2.8. In zoverre is het middel dus eveneens tevergeefs voorgesteld.
2.9. Ook voor het overige kan het middel niet tot cassatie leiden. Dit behoeft, gezien art. 81 RO, geen nadere motivering nu het middel in zoverre niet noopt tot beantwoording van rechtsvragen in het belang van de rechtseenheid of de rechtsontwikkeling.

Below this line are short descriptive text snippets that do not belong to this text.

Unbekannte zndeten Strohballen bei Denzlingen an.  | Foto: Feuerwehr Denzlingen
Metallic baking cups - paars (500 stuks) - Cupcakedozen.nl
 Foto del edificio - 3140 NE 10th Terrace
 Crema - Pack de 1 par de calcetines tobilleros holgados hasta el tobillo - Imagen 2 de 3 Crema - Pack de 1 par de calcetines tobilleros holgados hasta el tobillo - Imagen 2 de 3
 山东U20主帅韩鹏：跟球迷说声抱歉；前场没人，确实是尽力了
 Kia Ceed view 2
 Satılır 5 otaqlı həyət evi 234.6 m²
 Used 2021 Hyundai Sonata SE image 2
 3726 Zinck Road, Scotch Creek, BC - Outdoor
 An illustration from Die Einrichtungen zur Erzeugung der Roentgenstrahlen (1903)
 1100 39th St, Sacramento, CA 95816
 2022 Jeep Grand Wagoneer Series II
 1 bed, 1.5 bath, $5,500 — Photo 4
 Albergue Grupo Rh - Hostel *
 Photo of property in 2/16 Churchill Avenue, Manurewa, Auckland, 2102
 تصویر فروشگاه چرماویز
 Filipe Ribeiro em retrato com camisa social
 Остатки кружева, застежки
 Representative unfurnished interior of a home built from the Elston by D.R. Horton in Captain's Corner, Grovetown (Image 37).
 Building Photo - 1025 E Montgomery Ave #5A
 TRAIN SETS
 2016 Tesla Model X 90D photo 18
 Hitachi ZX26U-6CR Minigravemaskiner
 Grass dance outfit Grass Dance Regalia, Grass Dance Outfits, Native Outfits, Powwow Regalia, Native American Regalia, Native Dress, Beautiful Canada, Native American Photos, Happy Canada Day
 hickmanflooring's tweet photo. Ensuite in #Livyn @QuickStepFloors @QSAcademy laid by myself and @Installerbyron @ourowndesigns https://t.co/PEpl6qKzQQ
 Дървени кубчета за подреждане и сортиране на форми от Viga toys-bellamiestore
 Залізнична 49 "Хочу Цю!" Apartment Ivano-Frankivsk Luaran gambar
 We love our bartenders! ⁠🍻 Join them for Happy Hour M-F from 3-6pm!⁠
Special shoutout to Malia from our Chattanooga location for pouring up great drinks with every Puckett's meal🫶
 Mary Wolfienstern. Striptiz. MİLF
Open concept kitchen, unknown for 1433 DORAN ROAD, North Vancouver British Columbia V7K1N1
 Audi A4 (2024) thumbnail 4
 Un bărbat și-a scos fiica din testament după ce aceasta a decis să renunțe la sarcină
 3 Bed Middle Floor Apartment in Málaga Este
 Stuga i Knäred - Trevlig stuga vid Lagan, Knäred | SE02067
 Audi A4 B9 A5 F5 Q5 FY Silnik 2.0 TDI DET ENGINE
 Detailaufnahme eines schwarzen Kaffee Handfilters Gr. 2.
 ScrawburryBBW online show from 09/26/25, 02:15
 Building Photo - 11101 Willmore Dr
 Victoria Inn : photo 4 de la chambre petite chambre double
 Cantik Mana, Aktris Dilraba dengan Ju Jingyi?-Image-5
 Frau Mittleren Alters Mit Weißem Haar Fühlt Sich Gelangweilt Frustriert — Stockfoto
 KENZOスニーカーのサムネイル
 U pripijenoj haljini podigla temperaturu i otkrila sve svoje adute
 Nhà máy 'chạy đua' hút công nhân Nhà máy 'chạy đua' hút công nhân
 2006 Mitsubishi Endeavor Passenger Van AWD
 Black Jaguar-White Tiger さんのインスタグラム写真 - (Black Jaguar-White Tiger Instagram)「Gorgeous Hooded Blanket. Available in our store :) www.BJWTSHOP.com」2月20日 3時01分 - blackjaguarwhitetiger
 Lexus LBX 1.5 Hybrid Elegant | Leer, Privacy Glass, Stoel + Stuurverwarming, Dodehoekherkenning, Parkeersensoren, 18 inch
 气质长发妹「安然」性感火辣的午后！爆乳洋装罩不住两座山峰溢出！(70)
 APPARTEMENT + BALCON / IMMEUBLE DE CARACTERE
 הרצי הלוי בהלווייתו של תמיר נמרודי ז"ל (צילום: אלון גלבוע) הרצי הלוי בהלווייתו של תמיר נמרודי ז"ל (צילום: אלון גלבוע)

3. Ambtshalve beoordeling van de bestreden uitspraak
De Hoge Raad doet uitspraak nadat meer dan twee jaren zijn verstreken na het instellen van het cassatieberoep. Dat brengt mee dat de redelijke termijn als bedoeld in art. 6, eerste lid, EVRM is overschreden. Dit moet leiden tot vermindering van de aan de verdachte opgelegde gevangenisstraf van 24 maanden.
4. Slotsom
Nu het middel niet tot cassatie kan leiden, terwijl de Hoge Raad geen andere dan de hiervoor onder 3 genoemde grond aanwezig oordeelt waarop de bestreden uitspraak ambtshalve zou behoren te worden vernietigd, brengt hetgeen hiervoor is overwogen mee dat als volgt moet worden beslist.
5. Beslissing
De Hoge Raad:
vernietigt de bestreden uitspraak, maar uitsluitend wat betreft de duur van de opgelegde gevangenisstraf;
vermindert deze in die zin dat deze 22 maanden maanden beloopt;
verwerpt het beroep voor het overige.
Dit arrest is gewezen door de vice-president F.H. Koster als voorzitter, en de raadsheren B.C. de Savornin Lohman en M.A. Loth, in bijzijn van de griffier S.P. Bakker, en uitgesproken op 12 januari 2010.